Bij besluit van 13 maart 2018 heeft het college geweigerd aan VAMC een omgevingsvergunning te verlenen voor het realiseren van een motorcrossbaan op het perceel Deldensebroekweg ongenummerd (kadastraal bekend Vorden, sectie N, nummer 300) in Vorden, gemeente Bronckhorst (hierna: het perceel).

Bij uitspraak van 23 december 2020 heeft de rechtbank het door VAMC daartegen ingestelde beroep ongegrond verklaard. Deze uitspraak is aangehecht.

Tegen deze uitspraak heeft VAMC hoger beroep ingesteld.

De raad van de gemeente Bronckhorst, [partij A] en [partij B]

en [partij C] hebben een schriftelijke uiteenzetting gegeven.

De Afdeling heeft de zaak gevoegd met zaak 202100764/1/R4 op zitting behandeld op 3 juli 2023, waar VAMC, vertegenwoordigd door mr. J. van Groningen, advocaat in Middelharnis, en [gemachtigde A] en [gemachtigde B], [gemachtigde C], bijgestaan door mr. J. van Groningen, het college, vertegenwoordigd door mr. V.A. Textor, advocaat in Arnhem, en D. Robbertsen, de raad, vertegenwoordigd via een videoverbinding door mr. E.T. de Jong, advocaat in Arnhem, en [partij A] en [partij B, zijn verschenen. Na de zitting zijn de zaken gesplitst.

Overwegingen

Inleiding

1.       VAMC gebruikte sinds 1962 tot circa 2012 zonder vergunning een motorcrossbaan aan de Deldensebroekweg in het buitengebied van Vorden. Voor de legalisatie en het gedeeltelijk verplaatsen van de motorcrossbaan van het bos naar het naastgelegen weiland heeft VAMC een aanvraag voor een omgevingsvergunning ingediend voor de activiteiten "bouwen van een bouwwerk", "uitvoeren van een werk", "gebruik in strijd met het bestemmingsplan" en "het oprichten, veranderen of veranderen van de werking of het in werking hebben van een inrichting", als bedoeld in artikel 2.1, eerste lid, aanhef en onder a, b, c en e, van de Wet algemene bepalingen omgevingsrecht. De aanvraag voorziet naast de motorcrossbaan zelf onder meer in een aarden geluidwal van 2,5 m hoog over een lengte van 112 m en een van 3 m hoog met daarop een scherm van 1 m hoog over een lengte van 90 m, beide met begroeiing van struiken en bomen. Het is de bedoeling dat de motorcrossbaan wordt gebruikt in de periode van maart tot en met oktober voor motorcrossactiviteiten op de zaterdagmiddag tussen 13.00 en 16.30 uur en op dinsdag tussen 17.00 en 19.00 uur.

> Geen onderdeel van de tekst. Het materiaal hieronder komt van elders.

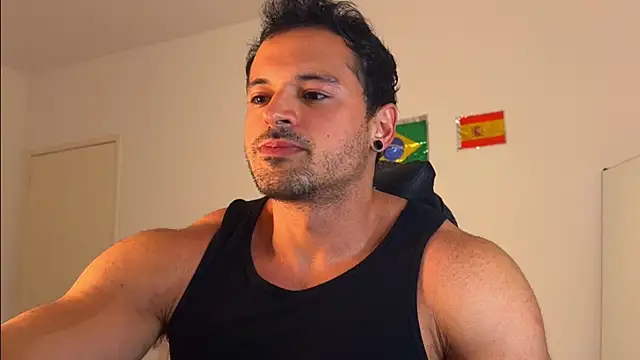 Lucasfit24 online show from 07/07/26, 02:14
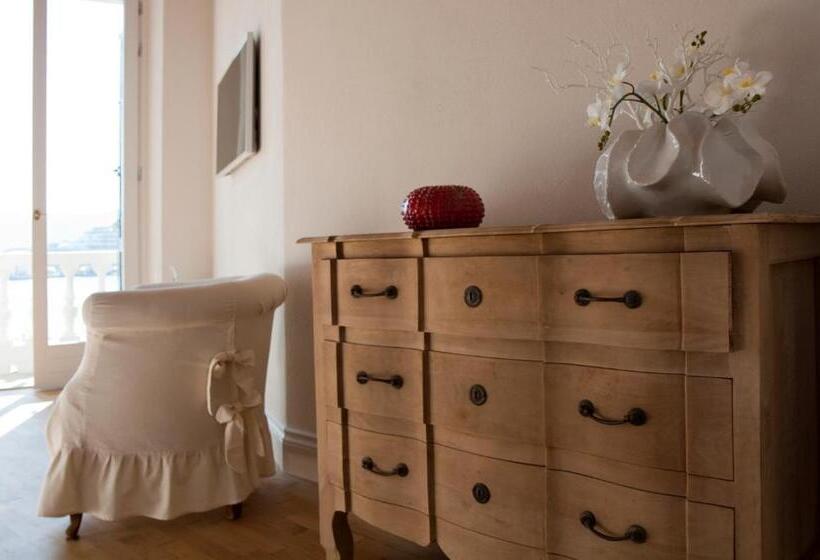 민박 Porto Sole Rooms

Op het perceel gelden het bestemmingsplan "Buitengebied Hengelo/Vorden 2005" en de correctieve herziening "Buitengebied Hengelo/Vorden 2005/2008". Het gebruik van de motorcrossbaan is in strijd met de bestemmingen "Bos en natuurterrein" en "Agrarisch gebied met natuur- en landschapswaarden" die op het perceel rusten.

Het college had aanvankelijk in zijn ontwerpbesluit neergelegd dat de gevraagde omgevingsvergunning verleend zou worden. Na de terinzagelegging van de ontwerp-omgevingsvergunning is het college tot de conclusie gekomen dat een verklaring van geen bedenkingen (hierna: vvgb) als bedoeld in artikel 6.5, eerste lid, van het Besluit omgevingsrecht (hierna: Bor) van de raad nodig was om de vergunning te mogen verlenen. Het college heeft die vvgb toen alsnog aan de raad gevraagd.

De raad heeft geweigerd een vvgb te verlenen, omdat de motorcrossbaan volgens hem in strijd is met een goede ruimtelijke ordening. Vanwege deze weigering van de raad heeft het college vervolgens geweigerd om de gevraagde omgevingsvergunning aan VAMC te verlenen.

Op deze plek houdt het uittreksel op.